__EXERCISE DATA__.

____

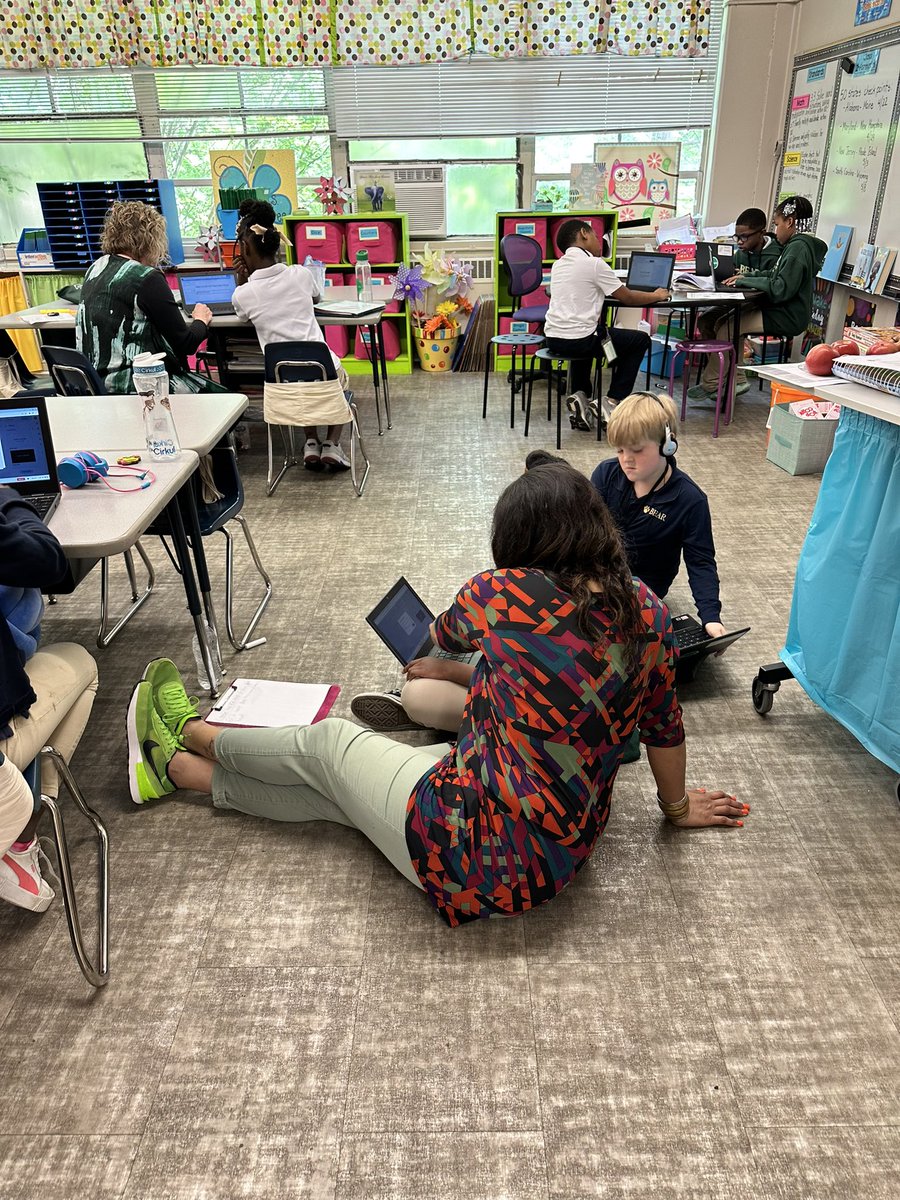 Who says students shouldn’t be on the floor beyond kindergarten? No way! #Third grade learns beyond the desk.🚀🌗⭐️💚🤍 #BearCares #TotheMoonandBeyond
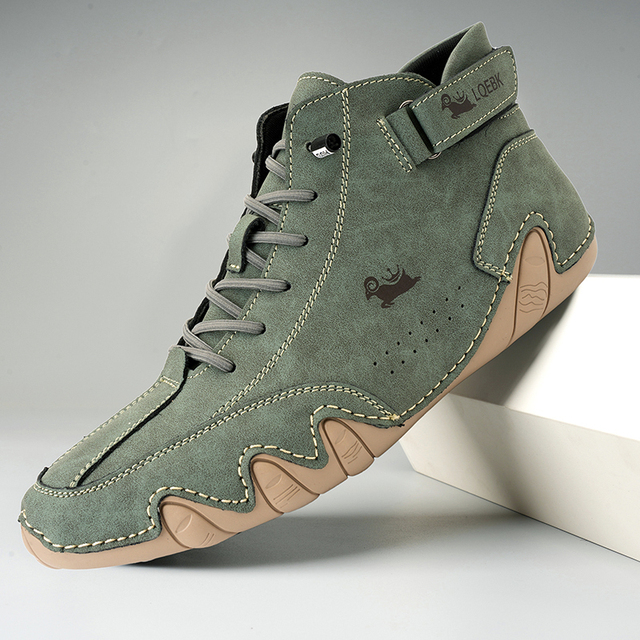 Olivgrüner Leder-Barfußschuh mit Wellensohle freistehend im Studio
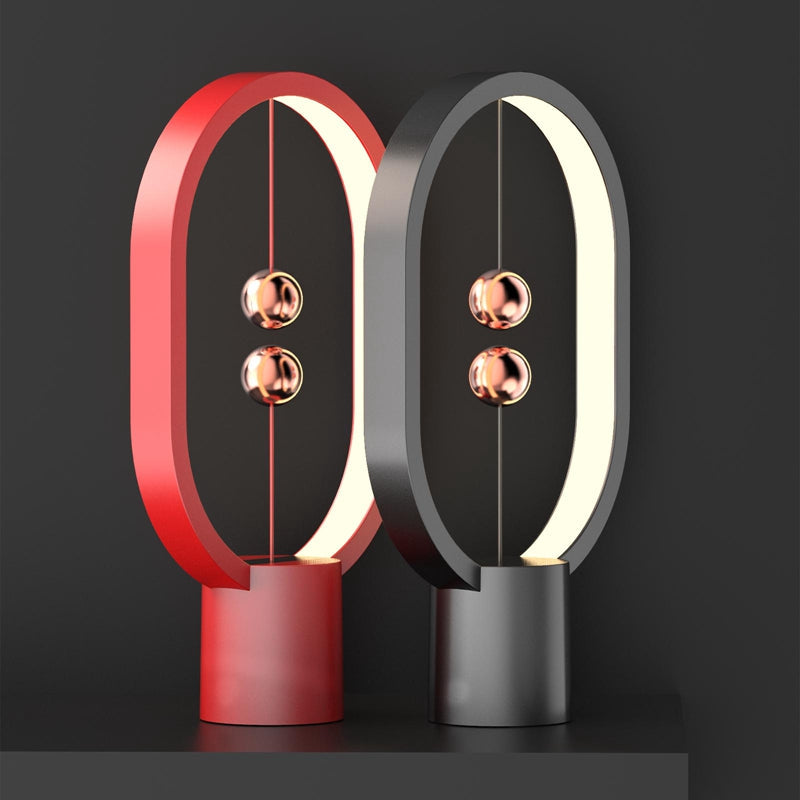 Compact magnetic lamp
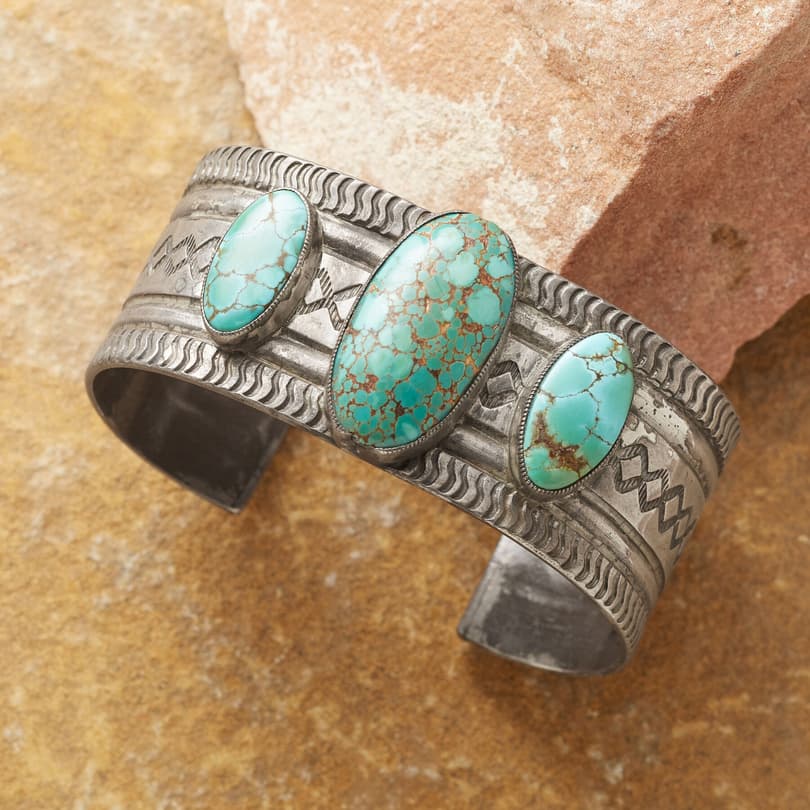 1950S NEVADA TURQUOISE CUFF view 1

____

__EXERCISE DIRECTIONS__.
An exact copy is needed of the lines running from the one with "Compact magnetic lamp" through the end of the data above, and of those lines only, without pictures.

__TASK RESULT__.
 Compact magnetic lamp
 1950S NEVADA TURQUOISE CUFF view 1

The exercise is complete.